■ Action item ■
Leaving out the pictures, please reproduce exactly and only the lines from the one that contains "2024 Porsche 911 GT3 - Photo 34" through the last line below.

■ Given data ■
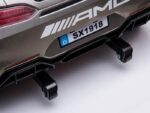 Mercedes-Benz Gt4 Amg Battery Vehicle With Mp4 Screen And Much More! - Slika 9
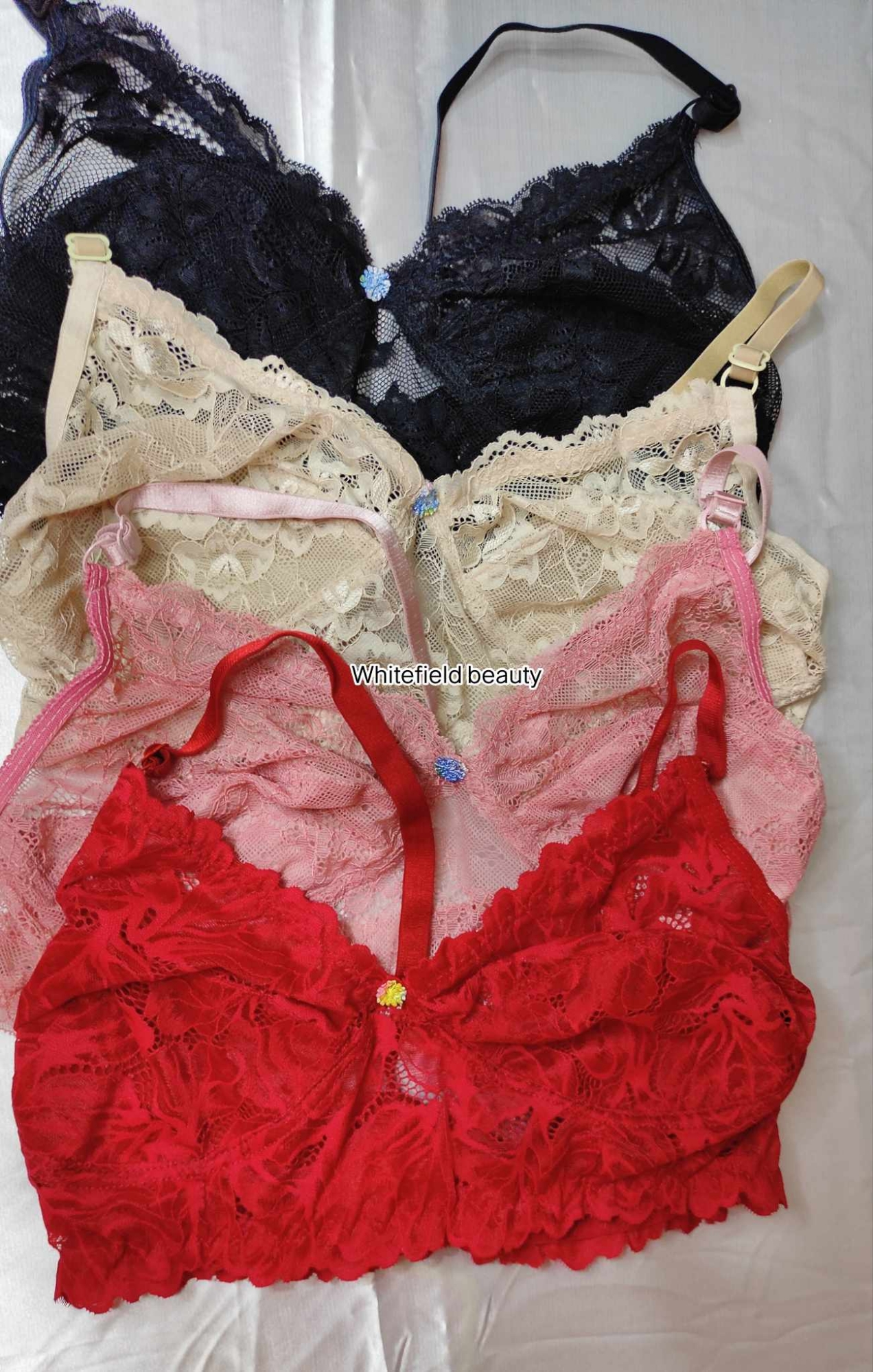 Picture of Export bra Stylish bra Comfort bra woment SB export quality girls bra for women girls 2pieces bra
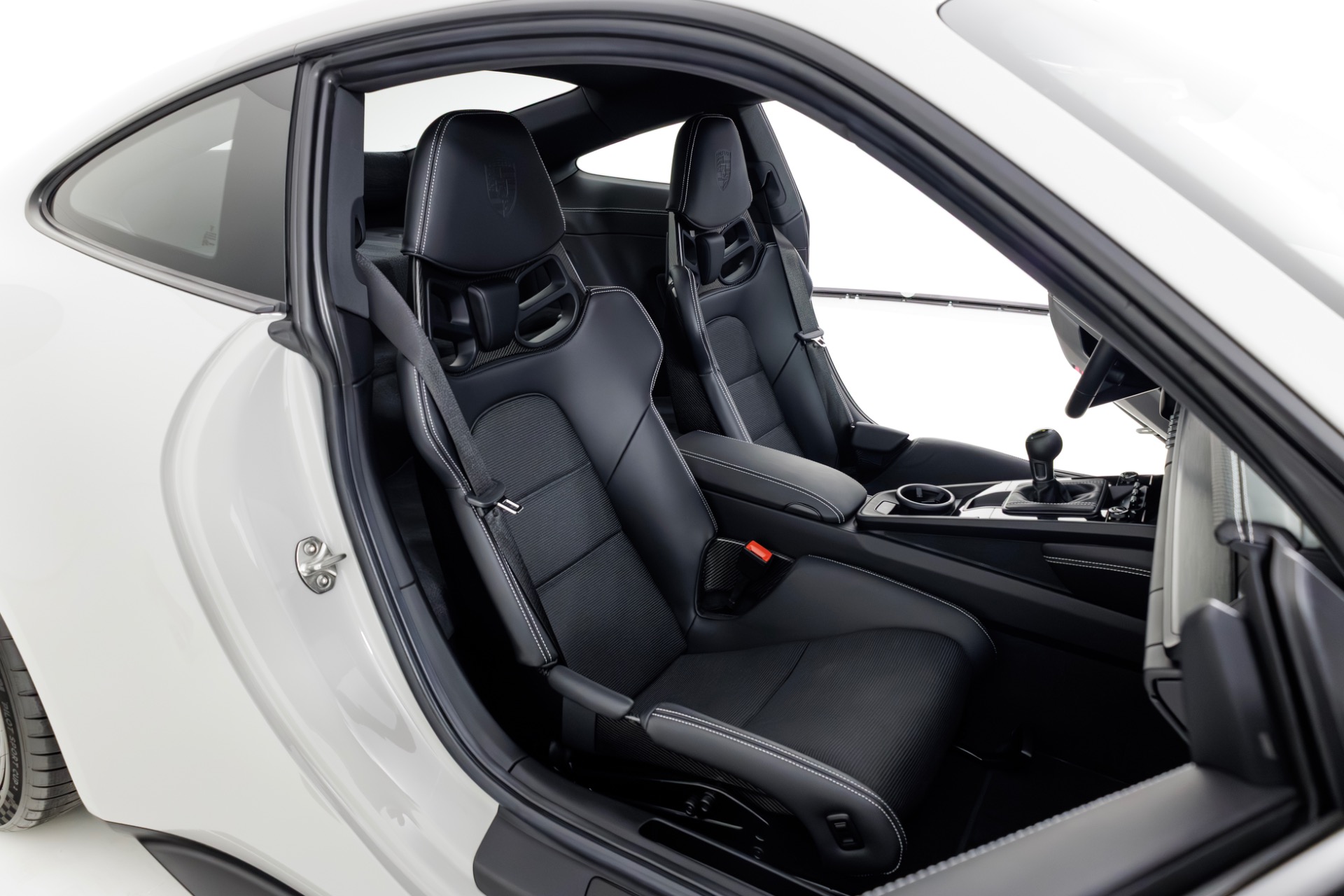 2024 Porsche 911 GT3 - Photo 34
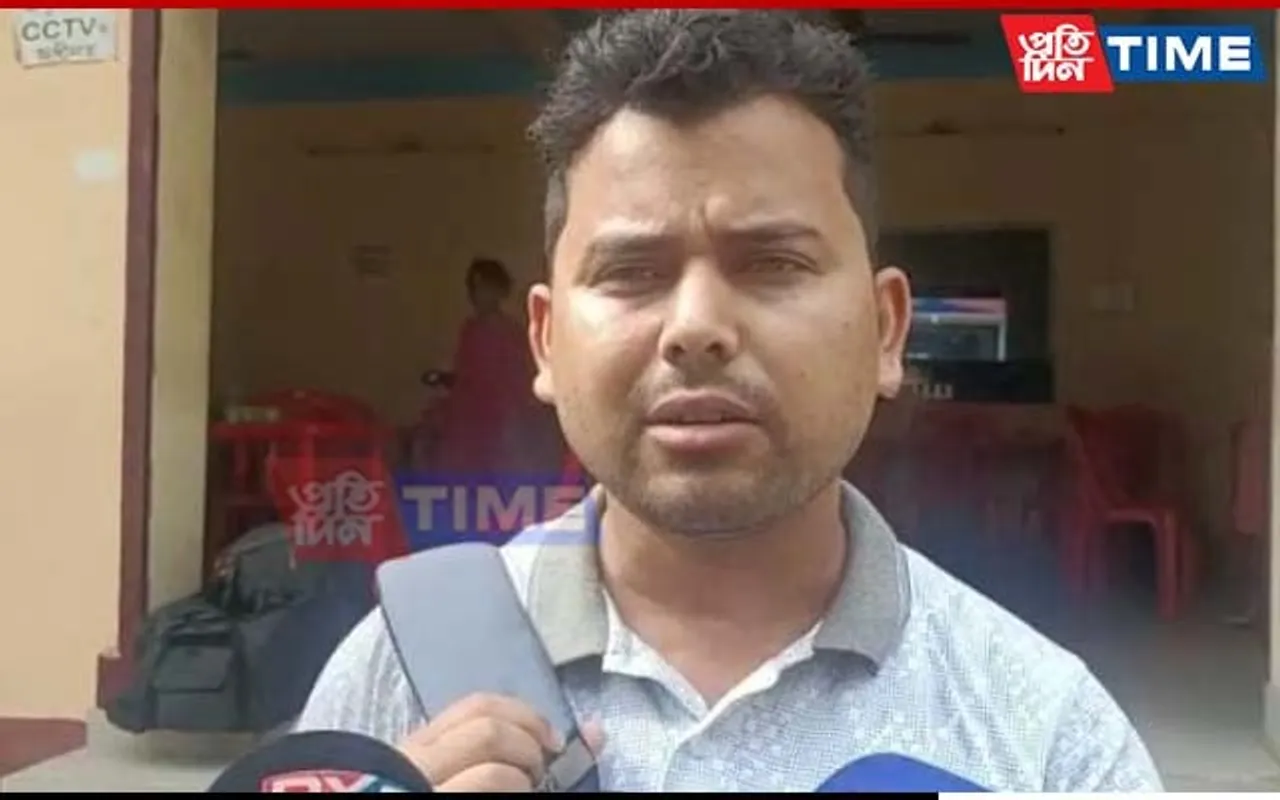 SCERT Scam: CM Vigilance Arrests DIET Employee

■ Output below ■
 2024 Porsche 911 GT3 - Photo 34
 SCERT Scam: CM Vigilance Arrests DIET Employee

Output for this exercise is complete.